In [1]:
from transformers import PreTrainedTokenizerFast
from sklearn.feature_extraction.text import CountVectorizer
from sklearn.naive_bayes import ComplementNB

In [2]:
tokenizer = PreTrainedTokenizerFast(tokenizer_file='bpe-400k')
vocabulary = list(tokenizer.vocab.keys())

In [3]:
%%time
strings = [
    'tak suka ayam123124123',
    'tak suka ayam'
]
subs = [' '.join(tokenizer.tokenize(s)) for s in strings]
subs[0]

CPU times: user 1 ms, sys: 918 µs, total: 1.92 ms
Wall time: 947 µs


'tak Ġsuka Ġayam 1 2 3 1 2 4 1 2 3'

In [4]:
bow = CountVectorizer(vocabulary = vocabulary, token_pattern = r'[\S]+').fit(subs)



In [5]:
import pickle

with open('bow.pkl', 'wb') as fopen:
    pickle.dump(bow, fopen)

In [6]:
lang_labels_v2 = {
    0: 'standard-english',
    1: 'local-english',
    2: 'manglish',
    3: 'standard-indonesian',
    4: 'socialmedia-indonesian',
    5: 'standard-malay',
    6: 'local-malay',
    7: 'standard-mandarin',
    8: 'local-mandarin',
    9: 'other',
}

lang_labels_v2_rev = {v: k for k, v in lang_labels_v2.items()}

In [8]:
!wc -l shuf-train-fasttext.txt

huggingface/tokenizers: The current process just got forked, after parallelism has already been used.
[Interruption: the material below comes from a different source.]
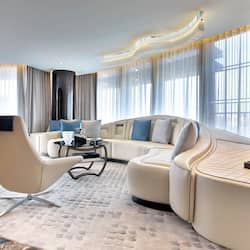 Suite, 1 Bedroom, Non Smoking, Park View (Balcony) | Premium bedding, down comforters, Tempur-Pedic beds, minibar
Disabling parallelism to avoid deadlocks...
	- Avoid using `tokenizers` before the fork if possible
	- Explicitly set the environment variable TOKENIZERS_PARALLELISM=(true | false)
10500345 shuf-train-fasttext.txt


In [9]:
from tqdm import tqdm

batch_size = 200000

x, y = [], []
train = False

nb = ComplementNB()

with open('shuf-train-fasttext.txt') as fopen:
    for l in tqdm(fopen):
        splitted = l.split()
        label = splitted[0].replace('__label__', '')
        x.append(' '.join(splitted[1:]))
        y.append(lang_labels_v2_rev[label])
        if len(x) >= batch_size:
            subs = [' '.join(tokenizer.tokenize(s)) for s in x]
            subs = bow.transform(subs)
            if not train:
                nb = nb.fit(subs, y)
                train = True
            else:
                nb = nb.partial_fit(subs, y)
            
            x, y = [], []

10500345it [35:49, 4886.03it/s] 


In [10]:
with open('nb.pkl', 'wb') as fopen:
    pickle.dump(nb, fopen)

In [13]:
subs[:10]

<10x400000 sparse matrix of type '<class 'numpy.int64'>'
	with 34 stored elements in Compressed Sparse Row format>

In [14]:
nb.predict(subs[:10])

array([3, 7, 3, 2, 3, 4, 4, 8, 0, 9])

In [15]:
y[:10]

[1, 0, 6, 8, 6, 7, 4, 5, 9, 1]